Saturday, February 25, 2012

Thoughts on the Occupy Wall St. Movement

Occupy Wall St. has been an on-going movement of the frustrated American public since September. By and large, Democrats support the movement calling out in support of the frustrated occupiers, particularly those who are upset about the top 1% possessing 40% of the wealth (according to Joseph Stiglitz, although different economists suggest different numbers) and how powerful big business has become. Republicans by and large, refute the movement, citing the instances of occupiers who are promoting socialism, a complete bailout of students with college-loan debt, and calling for tax hikes on the wealthy.

Although I certainly understand the viewpoints of those who support the movement, and the growing frustration for the inability to solve anything in Washington, most occupiers are taking their frustrations out on the wrong people. The 1% receive special benefits from government, including bailouts, tax-breaks, and in some instances, subsidies. How is that fair?! Blame Wall Street! Blame big business! Greedy bastards! But let's think about this in terms of something many of us know and love--sports.

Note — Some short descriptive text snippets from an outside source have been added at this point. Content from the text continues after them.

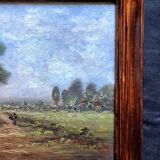 Tableau impressionniste - Huile sur toile signée, Ecole Barbizon 1880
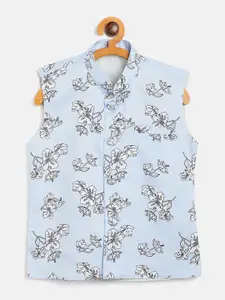 YK Boys Blue & White Printed Woven Nehru Jacket
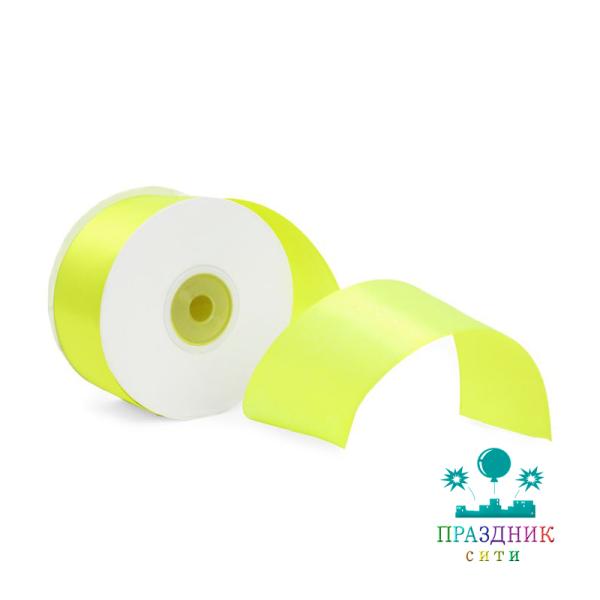 ЛЕНТА атлас 3,8 см неон желтая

Your favorite basketball team is playing their rival, and everyone is excited. Throughout the game the ref makes some questionable calls--but they're in the other team's favor. In the end, your team loses. Frustrated after the loss, like any die-hard fan, you start to take your frustrations out on the referee with your buddies. After all,  you wouldn't blame the opposing the head coach for accepting the bad calls, would you?

Of course not, that would be silly. As the size of government continues to metastasize, it seems everybody wants their piece of entitlement pie. Big businesses have become welfare queens, but is it fair to blame the businesses? Businesses are competing amongst one another for a larger share of the market, so any leg-up they can get, they can (and certainly should) try to get. My proposal?

1) Simpler taxes. Business is the great economic engine of a capitalistic society, and burdening businesses with lots of taxes, does not benefit anybody other than the bureaucrats in Washington that like to piss away your tax dollars on ridiculous social programs and departments (but that's a conversation for another post). Business creates wealth, it generates jobs without using your tax dollars (like public sector jobs), and most everybody supports small business because of it. How can you not love the middle-class individual who risks his or her own capital in pursuit of supplying the public with a good or service that the market determines as useful? With that said our current complex tax code requires interpretation by tax lawyers or other tax professionals. What does that mean for the small businessman? It means putting another person on payroll solely to interpret the tax code, otherwise the businessman puts his own business at risk for tax fraud. Who does a complex tax code favor? Big Business. It's easy to put more people on payroll in a fortune 500 rather than a start-up,  so this makes it easier for the big business, while inhibiting the little guy. This is just one example of a barrier to entry, that would not occur under a truly free market. Occupiers, don't like big business? Support a simpler tax code, free of breaks and subsidies. Make it apply to all, big or small.

2) Shrink the size of government. As long as corporations have money, some of it will go to campaign contributions of their favorite bureaucrat. Outlawing these campaign contributions or lobbying efforts is un-Constitutional and is surely a step in the wrong direction. The only reasonable, Constitutional way to go about this is to shrink the size and role of government drastically. For sake of making this a blog post rather than a 20 page paper, I'll save the specifics, for now. But how does this solve anything? If government had it's powers limited to only what the Constitution authorized, government's reduced power would result in less ability for government to interfere with what should be a free-market. In turn, corporations would be incapable of receiving benefits (what many politicians have been calling "government picking winners and losers") from their government. This would also reduce the problem of politicians having a "leg-up" because of excessive campaign contributions from millionaires on Wall Street, and then, in turn, reduce corruption in Washington.

Occupiers should not be occupying Wall Street, rather occupying the Capitol. Businessmen/women are not the problem. They, like many other groups of our nation that have been receiving benefits from big brother government, are just a growing group of beneficiaries. It's hard to turn down free stuff, especially when you can't see out of whose pocket the stuff is being paid for.